Oil and gas producers are attempting to drill deeper and deeper wells as they strive to maintain or increase their reserves of oil and gas. Wells 10,000 (3,050 m) to 15,000 ft. (4,575 m) deep have been common for many years. Today, wells 28,000 (8,540 m) to 30,000 ft. (9,150 m) deep are becoming more commonplace. In order to achieve the greater depths, drill pipe configurations may need to be adapted to operate in the extreme conditions. Drill pipe configurations with a wall thickness greater than 0.500″ (12.7 mm) are commonly referred to as landing strings. The landing strings are typically designed to provide high tensile capacity that far exceeds the standard capacities of American Petroleum Institute (API) strings. A primary purpose may be to provide high tensile capacity for landing heavy wall casing for deepwater drilling. By using a rotary shoulder connection, the speed and robust design may increase efficiency by using the same rig handling equipment for drilling.
Up until about 2009, the tensile capacity of a landing string was typically less than about 2.0M lbs (908,000 kg). However, new requirements of the tube body have been targeted to achieve a load capacity of about 2.5M lb (1,135,000 kg). With 2.5M lbs. (1,135,000 kg) load capacity, a new connection is typically needed in order to exceed the stress levels at this higher load. The 2.0M lbs. (908,000 kg) landing strings have been successfully manufactured and deployed. However, operators may need to adjust the configuration to reach ever-increasing depths requiring landing strings with increased setting capacity. Drilling rigs, top drives and associated equipment with capacity of 1,250 tons (1,133 metric tons) are being developed. Landing strings with 2.5 M lbs. (1,135,000 kg.) capacity may be required by the drilling industry.
The standard 6-⅝″ (16.83 cm) FH connection with API bevel diameter (referred to herein as the Standard FH Connection) may no longer be able to maintain the connection integrity required at these levels.
As shown in
Attempts have been made to provide pipe and joint configurations as described, for example, in U.S. Pat. Nos. 6,447,025; 6,012,744; 5,908,212; 5,535,837; and 5,853,199. Despite the development of various techniques for providing pipe joints, there remains a need to provide a drill pipe particularly suitable for applications on drill pipe used in drilling deep wells and/or having a greater tensile capacity. It is desirable that such drill pipe be configured for applications involving pipe configurations with a wall thickness greater than 0.5″ (12.7 mm.). It is further desirable that such drill pipe be configured for applications involving pipe configurations with a tensile capacity of more than 2.5 M lb (1,135,000 kg.). Preferably, such drill pipe is capable of one or more of the following, among others: increased tensile strength, decreased stress levels, conformed to API standards, increased MUT, and reduced failure. The present invention is directed to fulfilling these needs in the art.
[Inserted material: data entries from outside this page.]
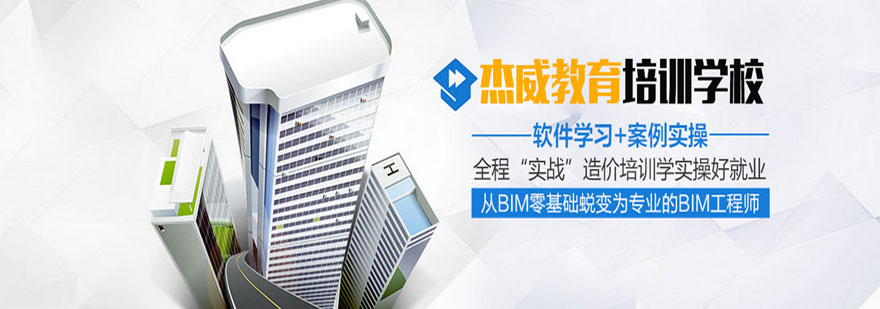 哈尔滨杰威教育实景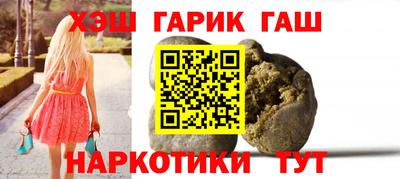 ГАЛЛЮЦИНОГЕННЫЕ ГРИБЫ Краснознаменск
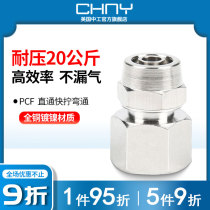 Air tube fast screwing fast joint PCF 8-02 6-01 10-03 12-04 pneumatic thread straight through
So that the above recited features and advantages of the present invention can be understood in detail, a more particular description of the invention, briefly summarized above, may be had by reference to the embodiments thereof that are illustrated in the appended drawings. It is to be noted, however, that the appended drawings illustrate only typical embodiments of this invention and are, therefore, not to be considered limiting of its scope, for the invention may admit to other equally effective embodiments. The Figures are not necessarily to scale and certain features and certain views of the Figures may be shown exaggerated in scale or in schematic in the interest of clarity and conciseness.
The description that follows provides exemplary apparatus, methods, techniques, and instruction sequences that embody techniques of the present inventive subject matter. However, it is understood that the described embodiments may be practiced without these specific details.
A surface system 110 may couple and convey the plurality of drill pipe segments 106 into the wellbore 104. The surface system 110 may include a rig 112, a hoisting system 114, a set of slips 116 and a pipe stand 118. The set of slips 116 (with slip inserts 133 and bowl 135) may support the drill string 102 from a rig floor 120 while the hoisting system 114 engages the next drill pipe segment 106 from the pipe stand 118. The hoisting system 114 may then locate a pin end 122 over a box end 124 (or box) of an uppermost pipe (or tubular) of the drill string 108 held by the slips 116. The pin end 122 of the suspended drill pipe segment 106 may then be located in the box end 124 of the uppermost pipe in the drill string 102. A make up unit 126 (with elevator bushings 137) may then apply torque to the suspended drill pipe segment 106 in order to couple the pin end 122 to the box end 124. The increased bevel diameter may reduce the stress in the tubular threaded connection 108 even at a high make up torque (MUT). Although, the rig 112 is shown as a land based rig, the rig 112 may also be a water based rig.
The drill string 102 may be made up of varying types of drill pipe segments 106. For example, the drill string 102 may be a combination of tubulars such as drill pipe, casing, landing strings, cross-over subs, and the like. In order to increase the tensile capacity of the drill string 102, many of the drill pipe segments 106 may be required to be landing strings. As stated above, landing strings are drill pipe segments having a wall thickness that is greater than 0.50 inches (12.7 cm). Landing strings may be needed in order to exceed stress levels at higher loads, such as the 2.5M lbs (1,135,000 kg) load.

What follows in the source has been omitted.